(Beginning of SUPPLIED MATERIAL)

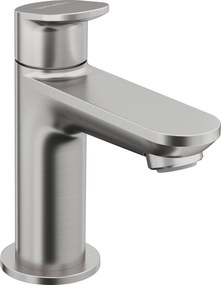Bateria umywalkowa Duravit Wave - różne kolory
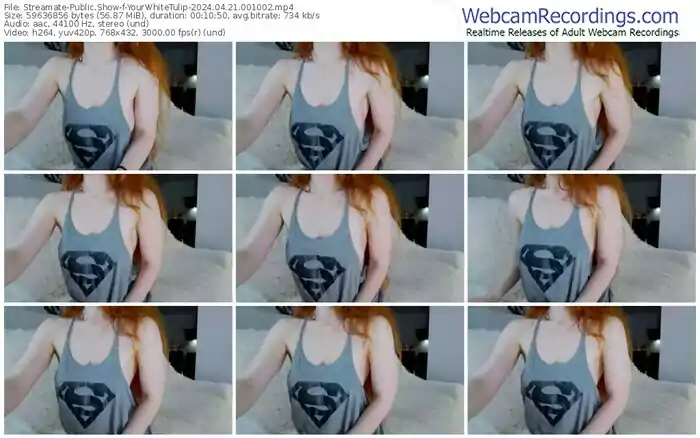 streamate-yourwhitetulip-04-21-2024-00-10-02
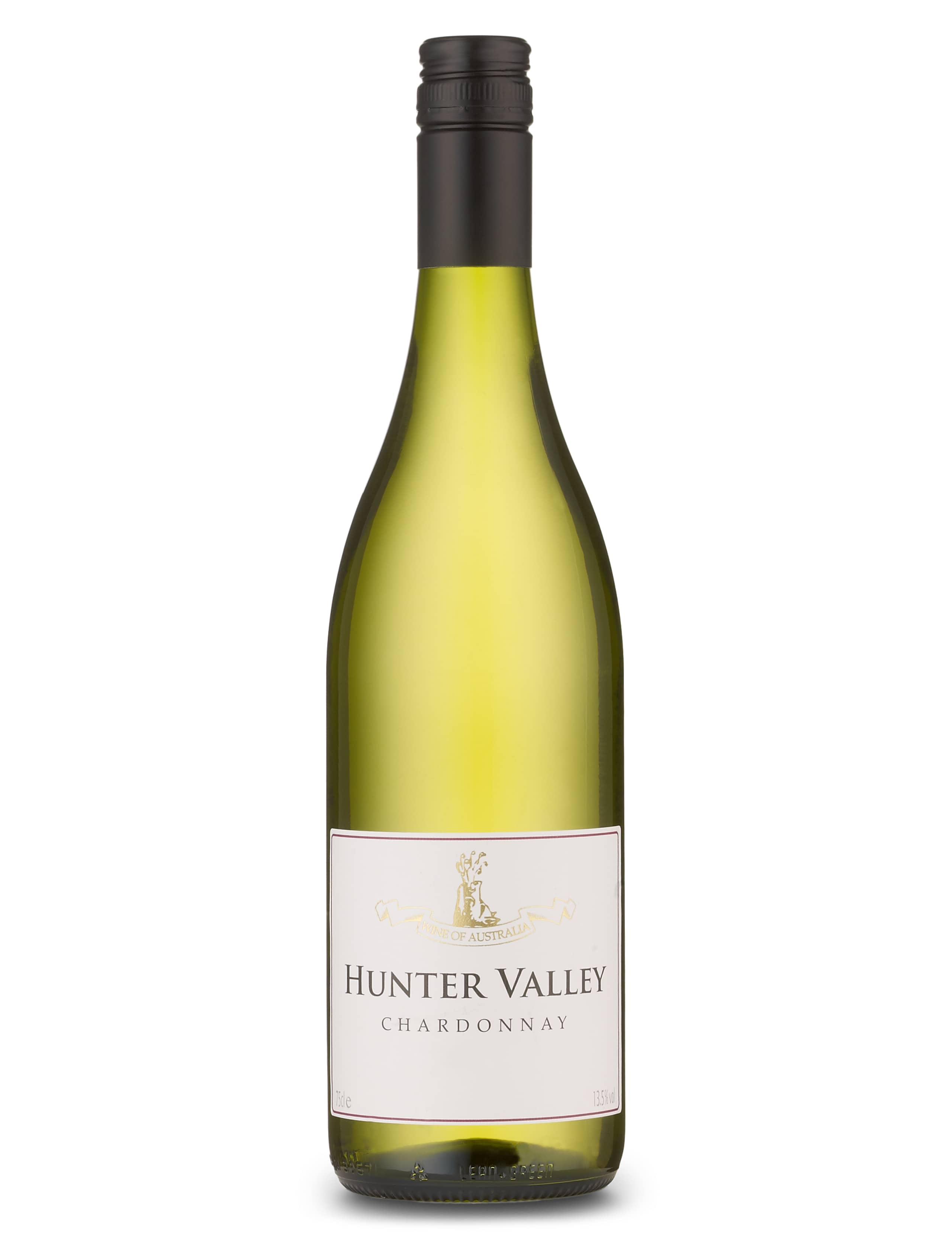 Hunter Valley Chardonnay - Case of 6 1 of 1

(End of SUPPLIED MATERIAL)

▶ _PROBLEM TO SOLVE_
The expected response is every line of the material, written out exactly, with the images removed.

▶ _EXERCISE RESPONSE_
Bateria umywalkowa Duravit Wave - różne kolory
 streamate-yourwhitetulip-04-21-2024-00-10-02
 Hunter Valley Chardonnay - Case of 6 1 of 1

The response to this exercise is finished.